The Khandana Khanda Khadya is a work by the 12th century Hindu philosopher Sri Harsha which in some sense sets out to disprove epistemology - it seeks to show that all putative means of knowledge, whether sensory observation, inference, or scriptural revelation, are ultimately invalid. That's because Sri Harsha subscribed to a Hindu Vedanta philosophy called Advaita, according to which the physical world is an illusion, and thus the means of knowledge which seem valid in the world of appearance do not capture the true nature of reality.

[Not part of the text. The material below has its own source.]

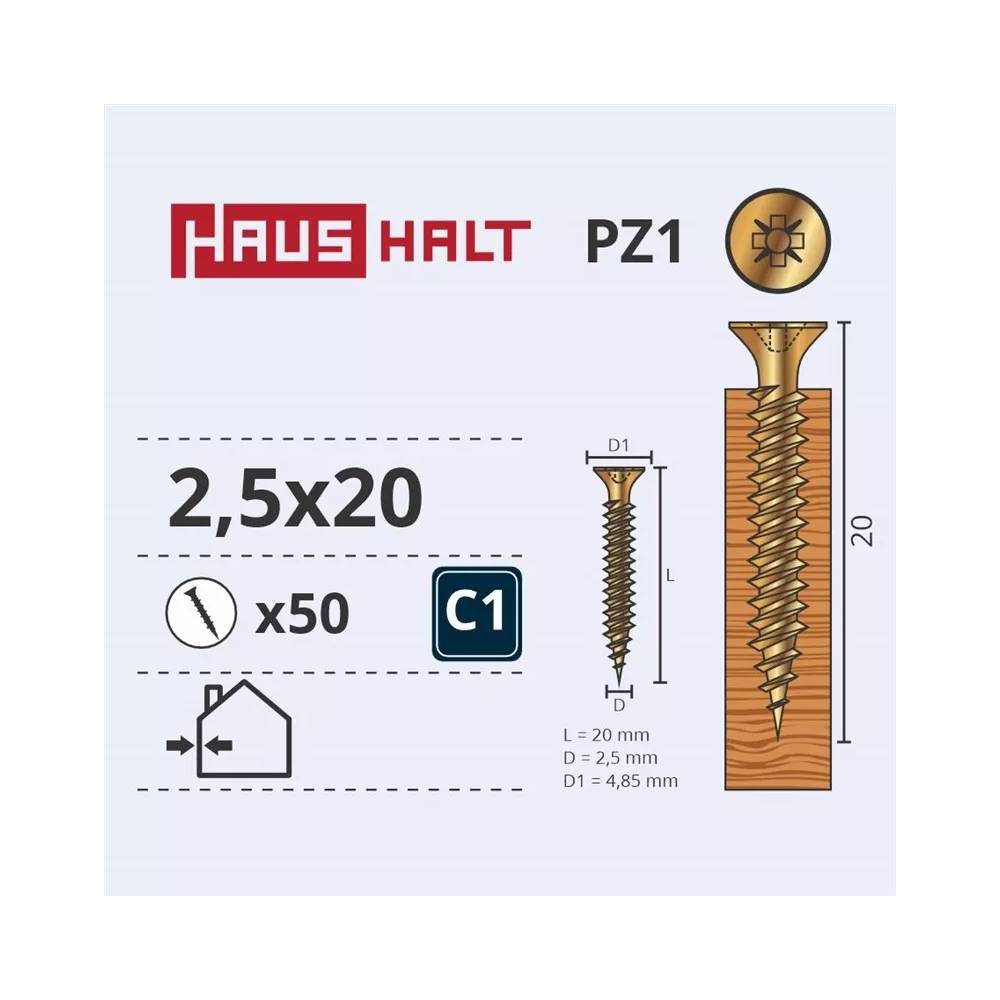 Medsraigtis Haushalt PZ1, 2.5 x 20 mm, geltona, 50 vnt.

Now in section 2 of the Khandana Khanda Khadya, Sri Harsha responds to the argument that certain entities postulated by logic, like premises, conclusions, and the like, must be real because they're the cause of all philosophical discussion. Sri Harsha's response is that he agrees that those entities are the cause of all philosophical discussion, but he denies that they must therefore be real. He first argues that "[t]he non-real can have causal efficiency", i.e. that just because something is a cause doesn't mean it's real. And then he goes one step further and argues that "[c]ausal efficiency cannot belong to that which has real being", i.e. that if something is real then it can never be a cause! Here's his justification for the latter statement:
Causal efficiency cannot belong to that which has real being.

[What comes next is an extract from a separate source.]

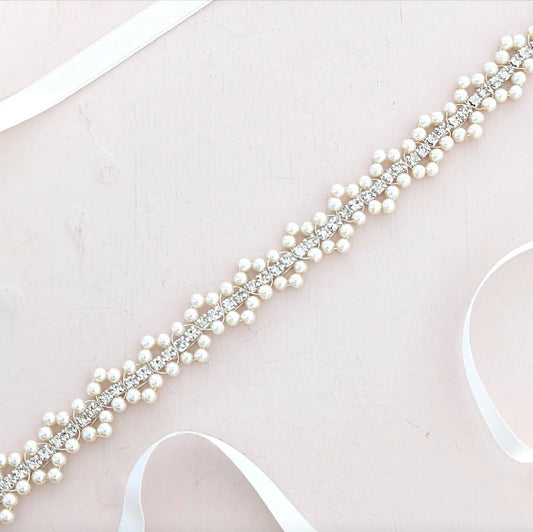 Victoria - Pearl And Crystal Bridal Belt — Bridal Beading - Bridal Belts,  Sashes and Straps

I. ‘If a cause be that into the nature of which real existence enters as an essential element, then, for this very reason, the cause has no real being.'
II. 'If, on the other hand, real being does not essentially enter into the nature of the cause, then, for this very reason, the cause has not real being.'
The meaning of this stanza is as follows:—
I. If the nature of the cause be such that it implies as an essential element real existence, then to say that the generic character ‘real existence' belongs to the cause would involve the absurdity of something (real existence) residing partially in itself (i. e. that real existence which goes to constitute the nature of the cause). Even if the thing qualified by real existence (i.e. the cause with such existence as an essential element of itself) were considered as something different from real existence (so that the said absurdity would not arise), we could not accept the real existence (in the latter sense, i. e. the real existence which is predicated of the cause) to be the same with the real being that enters into the nature of the cause; for it is a recognised principle that no more than a thing can reside in itself, can it reside in that of which it already is an essential attribute. It would therefore be necessary to assume another existence as residing in the cause qualified by existence ; and as this would mean that existence does not enter into the nature of the cause, the cause would have to be regarded as ‘not really existing.' And if, in order to avoid this, we were to assume a series of existences, one after the other, there would be no end of such assumptions.

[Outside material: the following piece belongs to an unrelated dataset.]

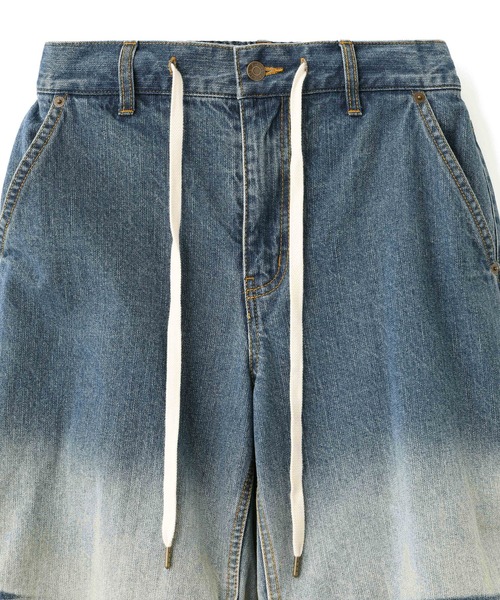 X-girl（エックスガール）の「GRADIENT DENIM EASY PANTS（デニムパンツ・レディース・ブラック/ライトインディゴブルー・XS/S/M）」の14枚目の写真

Nor will you escape from this predicament by taking the long step of assuming an infinity of different kinds of real existence. For if you assume different kinds of real existence, you relinquish the very foundation on which the generic conception of ‘existence' rests, and hence lose the idea of even the first existence. Seeking to establish the notion of existence you thus have lost the basis of it, and are worse off than before! ...
II. Let us then consider the second alternative stated in para. 44, viz., that that which really is constitutes the cause, without ‘real being' entering into it as an essential element.—On this view, we point out, that which has no real being also may be a cause, since real being and non-being equally do not enter into the nature of the cause.
Can someone please explain the logic of Sri Harsha's argument, especially the part in bold?
He seems to find some kind of contradiction between the statement "The nature of the cause is such that it implies as an essential element real existence." and the statement "The generic character ‘real existence' belongs to the cause." I can barely even tell these two statements apart. But apparently he thinks that if both statements were true, that would imply that something resides partially in itself, which is impossible. And so he concludes that they cannot both be true. And then he argues that if the first statement is false, then we have no compelling reason to believe that the second statement is true.
None of this makes much sense to me, especially because the two statements seem so similar to each other. So can someone explain to me the difference between these two statements, and elucidate the logical structure of this argument?
Note that I previously posted a question about this passage on Hinduism Stackexchange here, but that was more about examining the argument in its religious context. Here I just wanted to focus on the logical structure.